» **What this task involves**:
Apart from the pictures, please restate every entry below exactly.

» **Given records**:
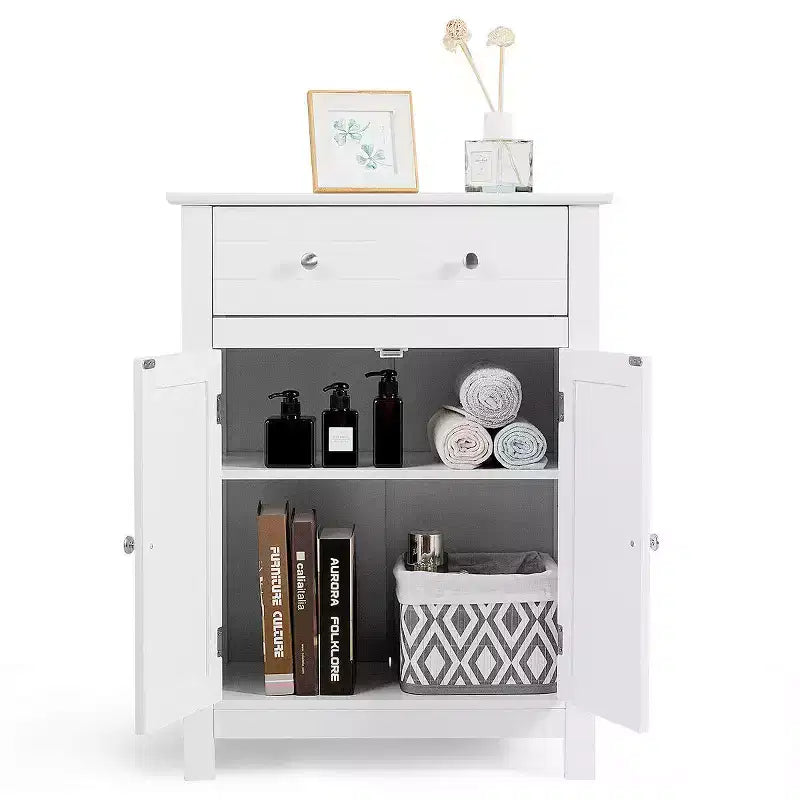 Costway Mobile Bagno con Cassetti e Ripiani Interni Regolabili, Bianco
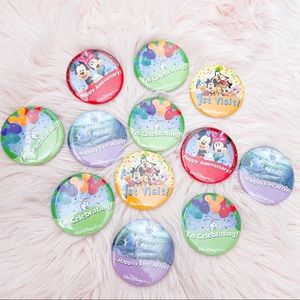 Disney World Badge Pins Set of 12
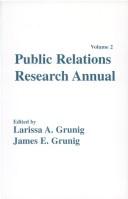 Cover of: Public Relations Research Annual: Volume 2 (Public Relations Research Annual)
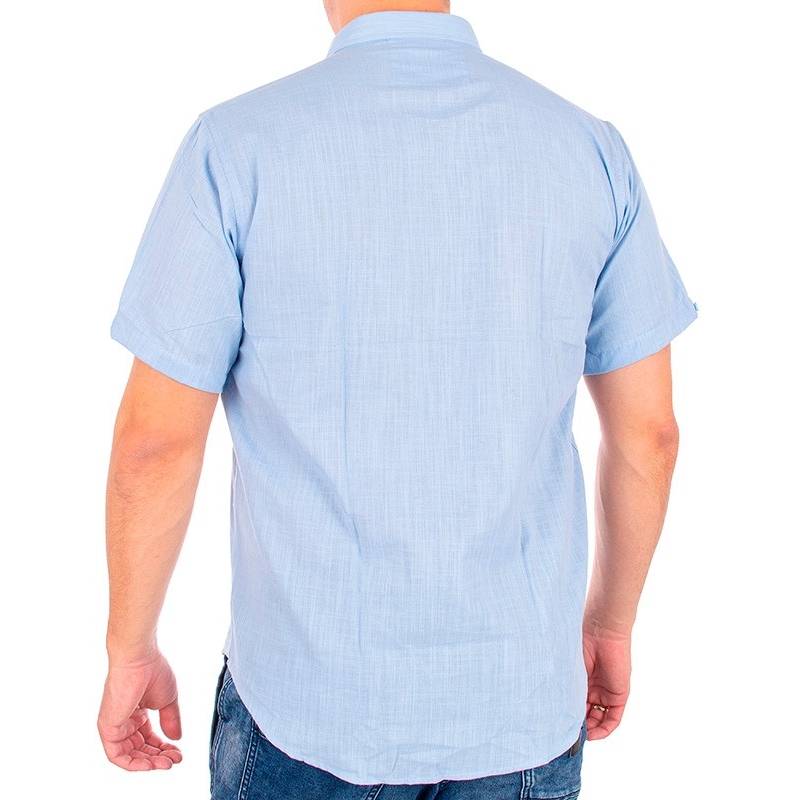 Błękitna bawełniana koszula z krótkim rękawem
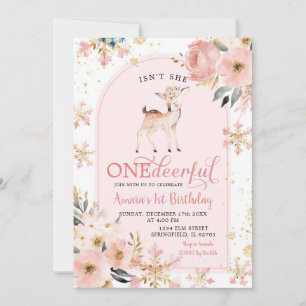 Invitation Pink Winter Onedeererdeerdeerfake Floral Anniversa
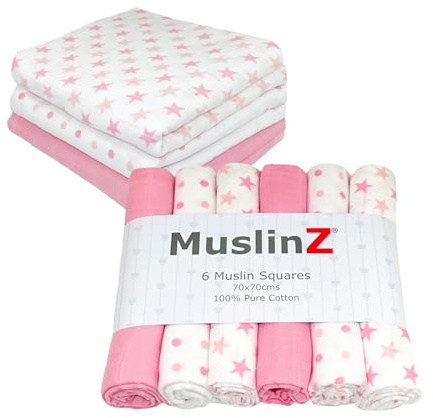 MuslinZ 6pk Baby Muslin Quadrate Burp Tücher 100% Reine weiche Baumwolle 70x70cm rosa Sterne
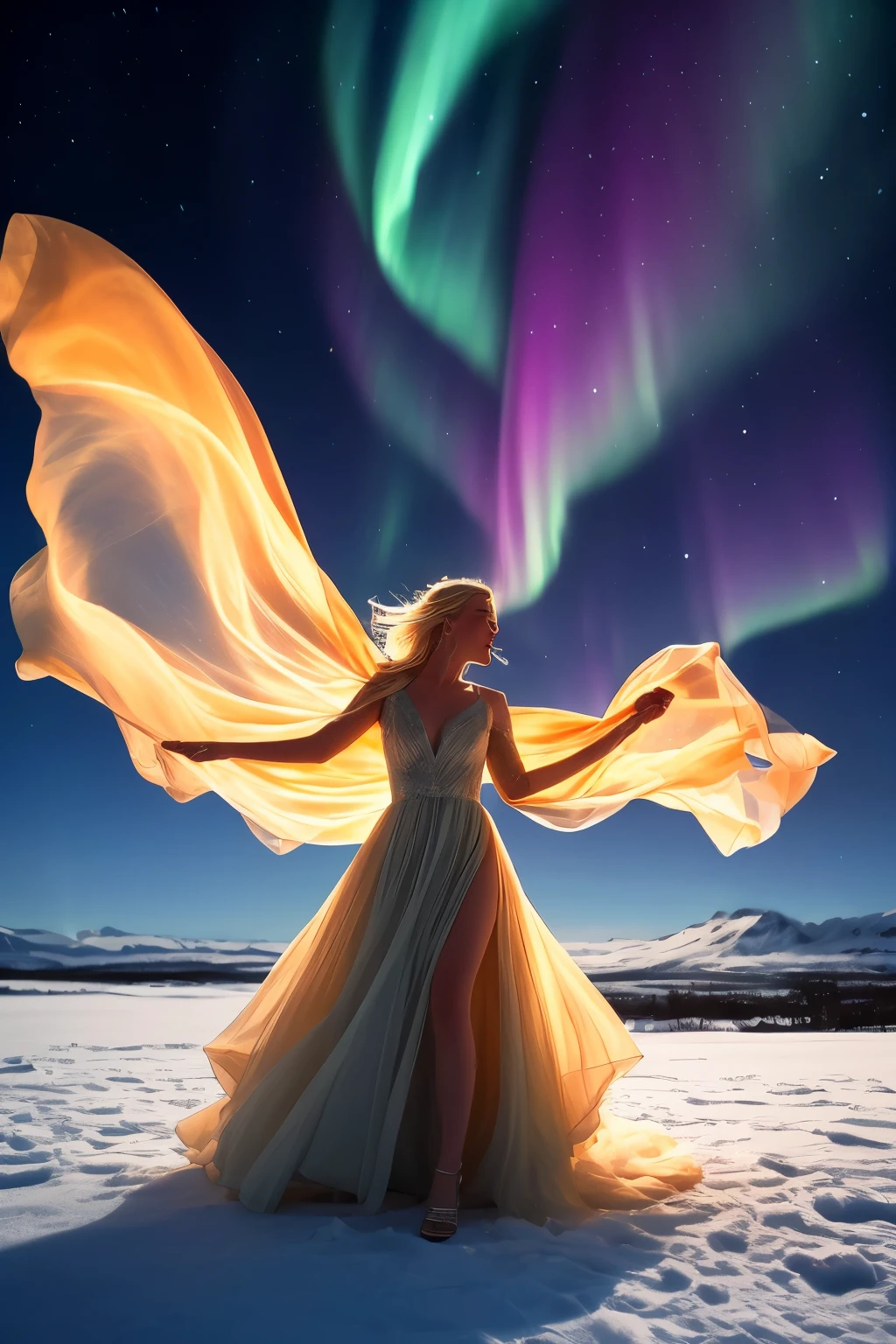 arafed woman in a long dress dancing in the snow, blonde girl in a cosmic dress, with aurora borealis in the sky, wearing a flowing dress, flowing gown, glowing aura around her, aurora in the sky, flowing dress, by Alexander Kucharsky, miss aniela, glowing with magic, marc adamus, beautiful flowing fabric, iceland photography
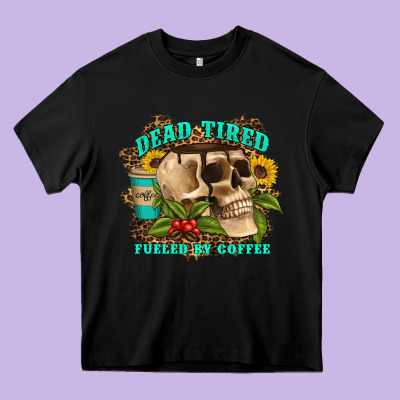 Dead Tired Fueled By Coffee Heavy Core Tee Designed By Artiststas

» **Expected answer**:
 Costway Mobile Bagno con Cassetti e Ripiani Interni Regolabili, Bianco
 Disney World Badge Pins Set of 12
 Cover of: Public Relations Research Annual: Volume 2 (Public Relations Research Annual)
 Błękitna bawełniana koszula z krótkim rękawem
 Invitation Pink Winter Onedeererdeerdeerfake Floral Anniversa
 MuslinZ 6pk Baby Muslin Quadrate Burp Tücher 100% Reine weiche Baumwolle 70x70cm rosa Sterne
 arafed woman in a long dress dancing in the snow, blonde girl in a cosmic dress, with aurora borealis in the sky, wearing a flowing dress, flowing gown, glowing aura around her, aurora in the sky, flowing dress, by Alexander Kucharsky, miss aniela, glowing with magic, marc adamus, beautiful flowing fabric, iceland photography
 Dead Tired Fueled By Coffee Heavy Core Tee Designed By Artiststas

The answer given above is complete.